Con Carlos Aladro se va gran parte de los mejores y más fructíferos recuerdos de mi primera juventud

Pero también los mayorcitos hicimos teatro bajo la dirección de Carlos: yo debuté con él interpretando -¡Talía me perdone!- el monólogo de Antón Chéjov Sobre el daño que hace el tabaco, nada menos que en el María Guerrero, en una matinal. Después hicimos Alejandro Casona, Ghelderode, Ugo Betti... Lo importante para mí eran las interminables charlas con Aladro, de cuyos labios oí por vez primera una serie de nombres ilustres y casi sagrados: Stanislawsky, Gordon Craig, Meierhold, Erwin Piscator... Durante un mes de agosto inolvidable, recluidos los dos en un chalet de Torrelodones, preparamos una versión de Macbeth que luego se representó en el salón de actos colegial. Pocas veces he sido tan feliz como aquellas tardes en que, al llegar el crepúsculo, imitábamos a las tres brujas y éramos parte de las hermanas fatídicas girando y girando en torno al caldero del irónico destino.
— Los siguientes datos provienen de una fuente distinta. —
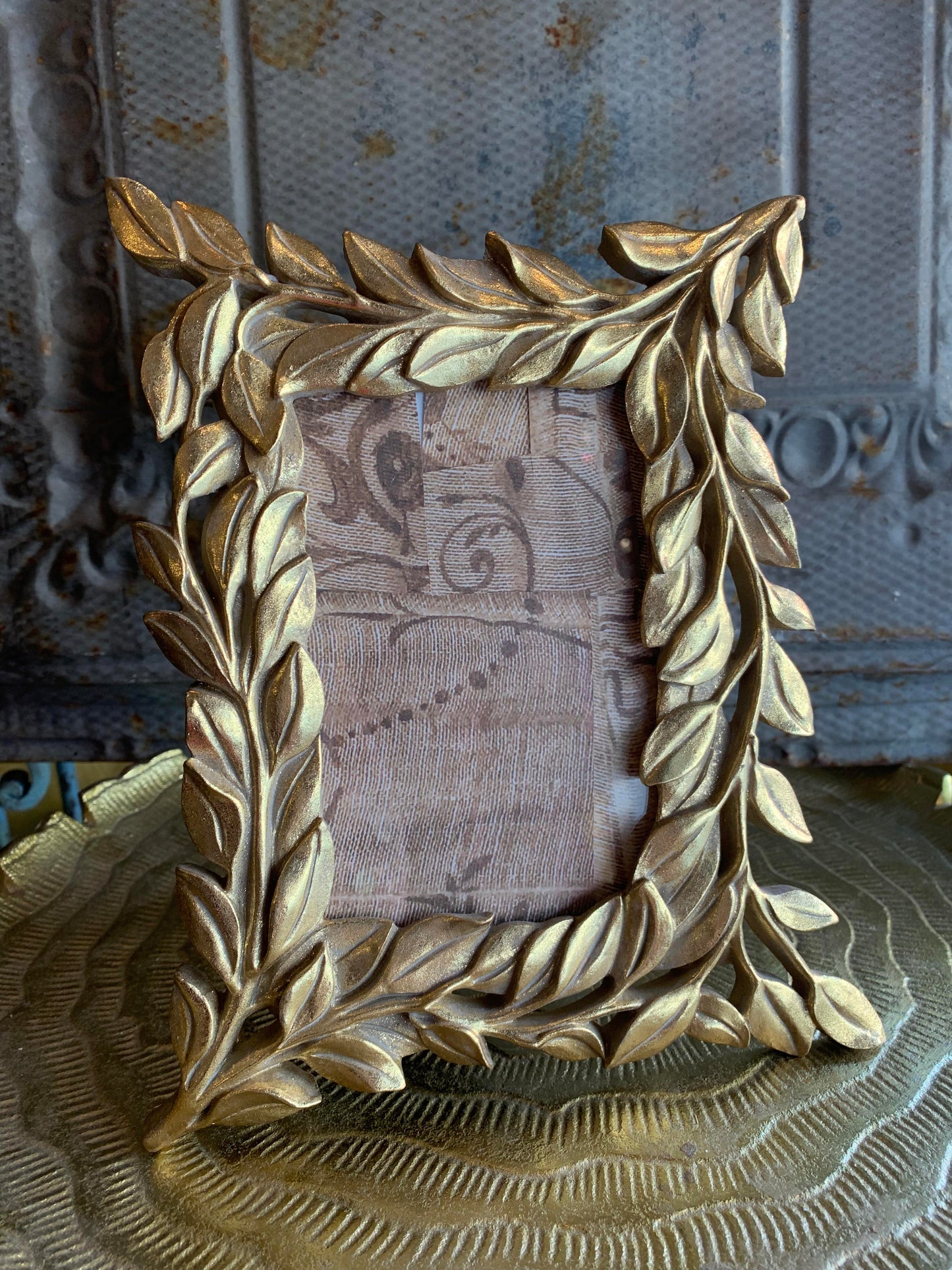 Golden Laurel 4x6 Photo Frame - La De Da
También nos dedicábamos a la revolución incruenta, no se crean. Discutíamos mil estrategias, ideológicas más que lógicas, contra la dictadura y hasta íbamos juntos a las entonces no muy frecuentadas manifestaciones madrileñas del Primero de Mayo. Muertos de miedo, claro: él, porque si le detenían perdería probablemente su trabajo de maestro, y yo por miedo a perder mis gafas, lo que hacía que me las quitase preventivamente y en las cargas policiales solía correr hacia los grises en lugar de alejarme de ellos... Después, las cosas de la vida. Él volvió a Andalucía, yo seguí los estudios, apenas volvimos a vernos. Supe que había enfermado, que vivía retirado, casi monacal y aunque le hice llegar mensajes de cariño nunca tuve ocasión de ir a visitarle. Una pena, es mi culpa.
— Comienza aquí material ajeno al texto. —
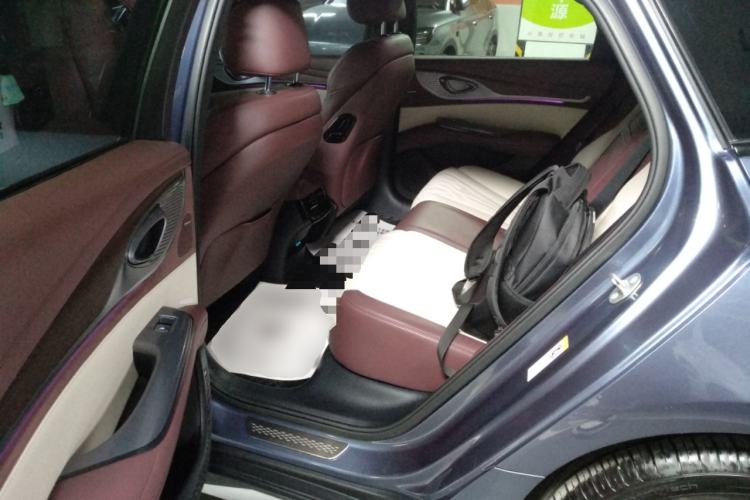 Used BYD Seal 2023 DM-i 1.5T 121km Flagship Model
Cierto día leí en el periódico que se estrenaba una obra dirigida por Carlos Aladro. Perdonen el tópico, pero me dio un vuelco el corazón. Se trataba de su hijo, claro está, que hoy es un excelente y entregado hombre de teatro. Entonces pensé que yo también soy hijo de Carlos Aladro: de su ánimo rebelde de perpetuo disidente, de su pasión por la función educativa del arte, de su fervor por la infancia. Al conocer ahora su muerte recordé nuestras risas y nuestro empeño, mientras el tirano acosado blasfemaba contra otro tirano mayor: "El mañana, el mañana, el mañana...". Y tantos perdidos ayeres.